# New pressure canner quesyions



## Roadking (Oct 8, 2009)

Morning all. DW has been water bath canning for some time and has now ventured into the _*idea*_ of pressure canning and has asked me to do some looking for her.
A few questions as she has a little fear because of horror stories she has heard over the years. She does know that following the instructions is important, but is wondering if there is and "idiot proof" canner out there.
Along with the above, personal recomendations from experience as to the best ones out there and what to look for...i.e. quality, replacement parts, reliability, etc.
Thank you all in advance for info as we enter into a new stage of homesteading.
Matt


----------



## Helena (May 10, 2002)

Do not fear using a pressure canner for your foods. If I can do it..anyone can..and I was a "city" girl those many years ago doing up my first tomatoes and waiting to hear that "ping" from the lids sealing. Just follow the directions and if your temperature goes up and down a little during the canning do not panic. The foods will be find. I really don't think the canner will explode...if the lid is placed and locked well. You can't ..not.. not..lock the lid..properly. It won't close if not locked correctly... You will be fine.. trust me...Good Luck...


----------



## suitcase_sally (Mar 20, 2006)

Basically, there are three canners out there. The All American (BIG bucks!), the Presto and the Mirror, which some say has lost some quality since being bought by another company. I have 4 Mirro's that are from the 85 or so era and the early 2000's. I like them.
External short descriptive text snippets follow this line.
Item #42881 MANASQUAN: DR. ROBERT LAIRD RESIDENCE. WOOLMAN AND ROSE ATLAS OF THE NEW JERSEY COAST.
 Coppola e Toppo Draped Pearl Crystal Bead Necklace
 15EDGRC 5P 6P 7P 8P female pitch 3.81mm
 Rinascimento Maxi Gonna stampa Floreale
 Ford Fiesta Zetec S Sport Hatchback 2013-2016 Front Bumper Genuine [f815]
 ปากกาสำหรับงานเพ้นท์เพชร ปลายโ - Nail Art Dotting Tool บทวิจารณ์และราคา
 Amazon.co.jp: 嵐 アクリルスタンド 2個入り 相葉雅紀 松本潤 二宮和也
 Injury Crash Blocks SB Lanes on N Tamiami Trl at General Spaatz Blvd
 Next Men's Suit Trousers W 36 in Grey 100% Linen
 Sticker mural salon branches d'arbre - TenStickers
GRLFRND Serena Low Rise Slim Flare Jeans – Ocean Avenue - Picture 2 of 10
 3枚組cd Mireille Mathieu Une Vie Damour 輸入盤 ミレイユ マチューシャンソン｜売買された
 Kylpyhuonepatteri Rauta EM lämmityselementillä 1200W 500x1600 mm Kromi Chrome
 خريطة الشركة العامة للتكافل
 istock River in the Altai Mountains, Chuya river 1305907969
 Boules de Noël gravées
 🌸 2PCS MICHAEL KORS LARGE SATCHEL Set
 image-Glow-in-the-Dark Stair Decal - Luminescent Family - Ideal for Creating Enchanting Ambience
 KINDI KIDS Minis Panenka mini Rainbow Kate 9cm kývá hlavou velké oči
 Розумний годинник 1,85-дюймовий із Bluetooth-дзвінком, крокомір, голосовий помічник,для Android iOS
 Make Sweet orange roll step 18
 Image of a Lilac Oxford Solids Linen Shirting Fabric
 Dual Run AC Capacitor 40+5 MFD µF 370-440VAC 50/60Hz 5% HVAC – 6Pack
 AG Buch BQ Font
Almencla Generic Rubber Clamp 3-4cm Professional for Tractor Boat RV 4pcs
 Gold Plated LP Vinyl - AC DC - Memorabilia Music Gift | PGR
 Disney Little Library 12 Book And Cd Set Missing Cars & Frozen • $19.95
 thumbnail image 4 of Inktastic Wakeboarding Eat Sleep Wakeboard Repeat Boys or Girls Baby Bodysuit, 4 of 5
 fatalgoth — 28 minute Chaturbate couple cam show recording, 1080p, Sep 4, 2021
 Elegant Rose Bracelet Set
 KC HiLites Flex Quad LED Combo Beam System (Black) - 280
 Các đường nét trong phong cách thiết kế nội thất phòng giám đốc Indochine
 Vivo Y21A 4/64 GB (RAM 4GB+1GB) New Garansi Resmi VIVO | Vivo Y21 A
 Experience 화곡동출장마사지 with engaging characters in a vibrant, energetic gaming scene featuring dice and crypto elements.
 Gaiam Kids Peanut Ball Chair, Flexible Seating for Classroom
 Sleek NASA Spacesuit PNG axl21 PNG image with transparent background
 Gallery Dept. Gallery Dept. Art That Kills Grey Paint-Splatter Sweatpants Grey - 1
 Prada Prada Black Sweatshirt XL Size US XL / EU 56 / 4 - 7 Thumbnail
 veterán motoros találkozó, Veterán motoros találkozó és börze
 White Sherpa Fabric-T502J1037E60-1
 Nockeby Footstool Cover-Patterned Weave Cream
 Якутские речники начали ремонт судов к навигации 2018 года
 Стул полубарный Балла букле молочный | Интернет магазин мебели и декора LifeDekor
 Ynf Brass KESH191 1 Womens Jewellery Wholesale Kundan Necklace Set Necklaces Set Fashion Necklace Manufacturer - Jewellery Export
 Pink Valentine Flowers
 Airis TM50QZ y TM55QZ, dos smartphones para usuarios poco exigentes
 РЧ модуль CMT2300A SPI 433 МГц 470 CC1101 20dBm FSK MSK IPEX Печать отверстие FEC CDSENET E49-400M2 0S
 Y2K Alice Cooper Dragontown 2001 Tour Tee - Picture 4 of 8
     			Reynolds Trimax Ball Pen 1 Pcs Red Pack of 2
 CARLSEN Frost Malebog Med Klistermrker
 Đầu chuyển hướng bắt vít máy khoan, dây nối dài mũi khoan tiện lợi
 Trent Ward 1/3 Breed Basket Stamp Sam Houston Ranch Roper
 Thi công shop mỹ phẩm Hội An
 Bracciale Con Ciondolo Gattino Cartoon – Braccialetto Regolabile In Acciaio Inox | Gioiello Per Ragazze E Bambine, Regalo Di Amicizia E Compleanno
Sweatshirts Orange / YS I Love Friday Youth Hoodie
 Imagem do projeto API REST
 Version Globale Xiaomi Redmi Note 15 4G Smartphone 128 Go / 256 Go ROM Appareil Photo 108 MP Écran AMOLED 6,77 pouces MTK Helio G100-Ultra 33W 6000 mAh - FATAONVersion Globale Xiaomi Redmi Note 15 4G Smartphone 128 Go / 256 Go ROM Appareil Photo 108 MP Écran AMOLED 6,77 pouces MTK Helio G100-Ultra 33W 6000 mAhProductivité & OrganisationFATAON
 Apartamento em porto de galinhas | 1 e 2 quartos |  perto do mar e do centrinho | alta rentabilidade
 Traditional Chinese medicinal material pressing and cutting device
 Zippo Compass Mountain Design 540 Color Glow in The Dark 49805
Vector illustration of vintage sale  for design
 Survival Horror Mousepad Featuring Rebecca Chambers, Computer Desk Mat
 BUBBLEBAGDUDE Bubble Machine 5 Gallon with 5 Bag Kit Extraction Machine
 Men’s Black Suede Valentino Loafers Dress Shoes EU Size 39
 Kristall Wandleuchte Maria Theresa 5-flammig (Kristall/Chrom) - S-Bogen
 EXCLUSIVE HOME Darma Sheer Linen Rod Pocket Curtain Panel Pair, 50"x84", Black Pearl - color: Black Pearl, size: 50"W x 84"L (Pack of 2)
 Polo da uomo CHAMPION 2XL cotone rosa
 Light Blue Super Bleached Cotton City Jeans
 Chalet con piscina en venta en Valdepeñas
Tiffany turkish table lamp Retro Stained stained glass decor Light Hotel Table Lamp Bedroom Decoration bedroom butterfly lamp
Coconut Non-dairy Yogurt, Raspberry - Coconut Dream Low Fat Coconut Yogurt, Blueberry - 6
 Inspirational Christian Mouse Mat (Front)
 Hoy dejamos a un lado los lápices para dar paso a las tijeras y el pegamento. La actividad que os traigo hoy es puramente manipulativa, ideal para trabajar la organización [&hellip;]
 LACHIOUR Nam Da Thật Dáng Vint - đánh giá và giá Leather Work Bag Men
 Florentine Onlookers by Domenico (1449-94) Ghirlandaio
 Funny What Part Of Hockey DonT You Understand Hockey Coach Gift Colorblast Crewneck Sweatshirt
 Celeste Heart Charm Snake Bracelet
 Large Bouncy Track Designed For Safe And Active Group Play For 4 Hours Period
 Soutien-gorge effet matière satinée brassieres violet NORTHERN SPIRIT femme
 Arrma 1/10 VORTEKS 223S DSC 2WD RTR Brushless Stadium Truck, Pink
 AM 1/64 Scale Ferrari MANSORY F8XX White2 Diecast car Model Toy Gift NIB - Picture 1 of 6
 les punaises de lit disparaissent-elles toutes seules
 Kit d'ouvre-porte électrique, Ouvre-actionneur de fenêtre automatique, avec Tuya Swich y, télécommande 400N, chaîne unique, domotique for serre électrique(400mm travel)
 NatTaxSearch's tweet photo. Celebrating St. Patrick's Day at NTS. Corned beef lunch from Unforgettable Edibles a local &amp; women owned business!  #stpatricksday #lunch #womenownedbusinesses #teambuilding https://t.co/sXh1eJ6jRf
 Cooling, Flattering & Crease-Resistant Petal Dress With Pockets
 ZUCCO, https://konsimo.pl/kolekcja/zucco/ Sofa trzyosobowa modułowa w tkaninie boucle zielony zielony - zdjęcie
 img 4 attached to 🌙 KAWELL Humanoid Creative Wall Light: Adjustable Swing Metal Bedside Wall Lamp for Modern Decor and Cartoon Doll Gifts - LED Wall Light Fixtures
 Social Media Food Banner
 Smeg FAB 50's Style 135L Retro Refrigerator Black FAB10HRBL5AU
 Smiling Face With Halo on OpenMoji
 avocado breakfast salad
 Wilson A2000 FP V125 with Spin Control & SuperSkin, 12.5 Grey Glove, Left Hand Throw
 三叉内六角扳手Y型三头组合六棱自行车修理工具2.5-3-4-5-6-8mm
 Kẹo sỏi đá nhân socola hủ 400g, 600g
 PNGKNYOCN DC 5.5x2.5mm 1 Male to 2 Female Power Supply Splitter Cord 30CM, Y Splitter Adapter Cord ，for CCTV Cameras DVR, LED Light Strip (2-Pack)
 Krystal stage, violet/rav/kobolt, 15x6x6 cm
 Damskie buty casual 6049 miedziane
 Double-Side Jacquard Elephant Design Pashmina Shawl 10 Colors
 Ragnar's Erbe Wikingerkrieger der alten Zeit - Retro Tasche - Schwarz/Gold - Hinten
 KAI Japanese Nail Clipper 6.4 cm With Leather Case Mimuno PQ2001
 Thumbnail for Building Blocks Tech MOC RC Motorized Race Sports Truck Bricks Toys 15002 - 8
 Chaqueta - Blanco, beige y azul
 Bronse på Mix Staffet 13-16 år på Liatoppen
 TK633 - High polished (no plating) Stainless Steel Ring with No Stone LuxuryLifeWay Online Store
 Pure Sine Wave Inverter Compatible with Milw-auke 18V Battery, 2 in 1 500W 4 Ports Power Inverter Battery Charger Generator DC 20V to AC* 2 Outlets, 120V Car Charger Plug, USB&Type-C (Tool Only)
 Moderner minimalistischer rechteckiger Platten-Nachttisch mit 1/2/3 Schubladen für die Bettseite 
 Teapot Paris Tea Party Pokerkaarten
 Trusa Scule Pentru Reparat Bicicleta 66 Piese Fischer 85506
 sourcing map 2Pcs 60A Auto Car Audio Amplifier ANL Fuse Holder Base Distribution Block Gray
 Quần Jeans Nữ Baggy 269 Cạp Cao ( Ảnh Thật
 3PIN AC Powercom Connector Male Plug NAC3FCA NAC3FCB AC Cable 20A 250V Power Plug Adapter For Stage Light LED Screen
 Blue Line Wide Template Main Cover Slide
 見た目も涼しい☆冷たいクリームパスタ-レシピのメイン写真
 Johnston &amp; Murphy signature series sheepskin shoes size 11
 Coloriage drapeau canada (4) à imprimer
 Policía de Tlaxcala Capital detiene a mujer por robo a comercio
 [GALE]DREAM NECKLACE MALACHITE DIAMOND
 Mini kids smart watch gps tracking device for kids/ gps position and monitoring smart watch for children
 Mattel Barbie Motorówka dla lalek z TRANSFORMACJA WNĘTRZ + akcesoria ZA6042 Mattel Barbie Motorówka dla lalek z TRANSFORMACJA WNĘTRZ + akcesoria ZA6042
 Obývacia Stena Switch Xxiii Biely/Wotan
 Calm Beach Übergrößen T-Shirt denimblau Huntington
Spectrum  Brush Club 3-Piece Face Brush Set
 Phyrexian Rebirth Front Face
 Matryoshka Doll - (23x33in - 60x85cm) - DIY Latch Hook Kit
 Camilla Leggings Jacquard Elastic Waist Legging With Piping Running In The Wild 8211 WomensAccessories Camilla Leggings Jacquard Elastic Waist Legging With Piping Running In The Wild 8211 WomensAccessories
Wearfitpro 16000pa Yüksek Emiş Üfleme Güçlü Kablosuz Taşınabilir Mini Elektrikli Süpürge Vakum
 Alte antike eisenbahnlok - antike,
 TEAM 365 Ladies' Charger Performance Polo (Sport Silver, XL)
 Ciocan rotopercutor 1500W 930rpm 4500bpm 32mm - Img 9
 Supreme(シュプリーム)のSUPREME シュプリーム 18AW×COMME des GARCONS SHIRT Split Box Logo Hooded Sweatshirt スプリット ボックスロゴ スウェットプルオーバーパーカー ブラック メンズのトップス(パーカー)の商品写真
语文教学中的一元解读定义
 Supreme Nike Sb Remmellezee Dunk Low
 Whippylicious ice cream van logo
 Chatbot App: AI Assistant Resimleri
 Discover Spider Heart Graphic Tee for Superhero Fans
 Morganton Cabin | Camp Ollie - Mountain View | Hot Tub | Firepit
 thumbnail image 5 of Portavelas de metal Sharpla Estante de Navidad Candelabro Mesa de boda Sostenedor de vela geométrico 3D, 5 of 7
Presto makes a very good canner and I would buy one of those if I were buying one today.

All American is VERY expensive and doesn't do anything that the others don't do.

There are so many safe guards built into a canner that it's nearly impossible to have problems. It's alot like asking if anyone knows of a safe cook stove that is "idiot proof". Well, they are all safe if used properly. You can't turn a burner on high, put a pot of grease on it and walk away. You're bound to have problems. I'm sure she knows that!

Just follow the directions that come with it and she will be fine.


----------



## judylou (Jun 19, 2009)

Like Sally said above, I have an older model Mirro and I like it but I wouldn't buy one of the new ones. I too prefer the Presto models. They are an excellent value for the money and easy and safe to use. Your type of stove and the size of canner you need and can use are 2 important issues to consider when buying. EX: If you have a smooth/glass top stove there are several models you won't be able to use. The Presto 16 qt. model is approved for use on glass top ranges.


----------



## Karen (Apr 17, 2002)

Tell the wife not to worry, there are no more pressure canner horror stories since they can no longer explode. By law, any pressure cookers and canners made after 1995, must have at least 3 self-releasing pressure valves to keep them from exploding; making pressure cooking/canning 100% safe nowadays. 

What happens is, if the pressure gets too high, one or more of those valves (tiny gaskets actually) pops themselves off, creating a steam/pressure release like a vent so the whole thing no longer can blow up. You only actually need 1 pressure release, but the reason for 3 of them is just an extra precaution. If one fails, there's 2 backups. Plus if you would accidentally turn the pressure cooker/canner on high heat and walk away forgetting about it, if the pressure would build quickly, there are additional valves to blow to bring it down to a safe level more quickly.


----------



## Karen (Apr 17, 2002)

BTW, we've had glass top stove discussions in the past and no one has had a problem using even the largest All American canner. They're not approved for glass tops, but as long as you don't drop it on the glass and fill it while on the stove top, there's no problem. You just have to be a bit more careful.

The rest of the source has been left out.